◆ Exercise objective
What is the number of lines in the data that hold the string "Disney"? Reply with that number only.

Exercise data below:

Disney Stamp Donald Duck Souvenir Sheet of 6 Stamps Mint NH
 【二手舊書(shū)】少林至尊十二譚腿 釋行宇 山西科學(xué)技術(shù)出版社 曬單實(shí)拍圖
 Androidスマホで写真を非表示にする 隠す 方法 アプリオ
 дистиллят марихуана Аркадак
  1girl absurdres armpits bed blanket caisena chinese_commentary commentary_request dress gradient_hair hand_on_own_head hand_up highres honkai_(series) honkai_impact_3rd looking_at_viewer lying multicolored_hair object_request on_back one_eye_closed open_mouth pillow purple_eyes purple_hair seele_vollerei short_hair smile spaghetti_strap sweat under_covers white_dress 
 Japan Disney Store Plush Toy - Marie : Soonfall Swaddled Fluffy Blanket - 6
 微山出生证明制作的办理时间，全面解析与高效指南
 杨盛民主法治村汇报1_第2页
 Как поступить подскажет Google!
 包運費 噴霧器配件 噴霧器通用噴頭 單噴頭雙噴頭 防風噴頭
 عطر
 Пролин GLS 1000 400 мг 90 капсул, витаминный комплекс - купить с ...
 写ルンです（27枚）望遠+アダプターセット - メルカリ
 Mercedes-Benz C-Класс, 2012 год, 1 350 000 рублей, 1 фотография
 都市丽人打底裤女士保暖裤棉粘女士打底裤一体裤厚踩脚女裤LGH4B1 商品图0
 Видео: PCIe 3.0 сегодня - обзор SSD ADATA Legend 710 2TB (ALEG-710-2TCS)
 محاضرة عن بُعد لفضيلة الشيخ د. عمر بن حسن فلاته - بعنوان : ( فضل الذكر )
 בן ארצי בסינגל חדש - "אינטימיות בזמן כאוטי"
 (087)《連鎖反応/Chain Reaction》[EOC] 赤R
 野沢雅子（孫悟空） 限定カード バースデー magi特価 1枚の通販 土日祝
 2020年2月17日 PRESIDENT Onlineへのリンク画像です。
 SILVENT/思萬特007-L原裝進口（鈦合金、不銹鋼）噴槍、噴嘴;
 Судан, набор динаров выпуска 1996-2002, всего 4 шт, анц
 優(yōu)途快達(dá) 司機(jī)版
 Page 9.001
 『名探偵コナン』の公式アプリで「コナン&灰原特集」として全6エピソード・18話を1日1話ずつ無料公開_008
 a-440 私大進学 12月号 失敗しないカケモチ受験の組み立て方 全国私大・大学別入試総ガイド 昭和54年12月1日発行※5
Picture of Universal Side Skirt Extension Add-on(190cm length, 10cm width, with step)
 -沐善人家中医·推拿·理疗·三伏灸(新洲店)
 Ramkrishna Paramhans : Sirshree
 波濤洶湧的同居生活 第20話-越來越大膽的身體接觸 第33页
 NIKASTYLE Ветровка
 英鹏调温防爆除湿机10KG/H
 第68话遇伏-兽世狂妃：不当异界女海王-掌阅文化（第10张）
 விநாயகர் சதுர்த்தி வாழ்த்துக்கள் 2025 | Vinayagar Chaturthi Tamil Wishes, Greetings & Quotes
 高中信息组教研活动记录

End of Exercise data.

◆ Written response
2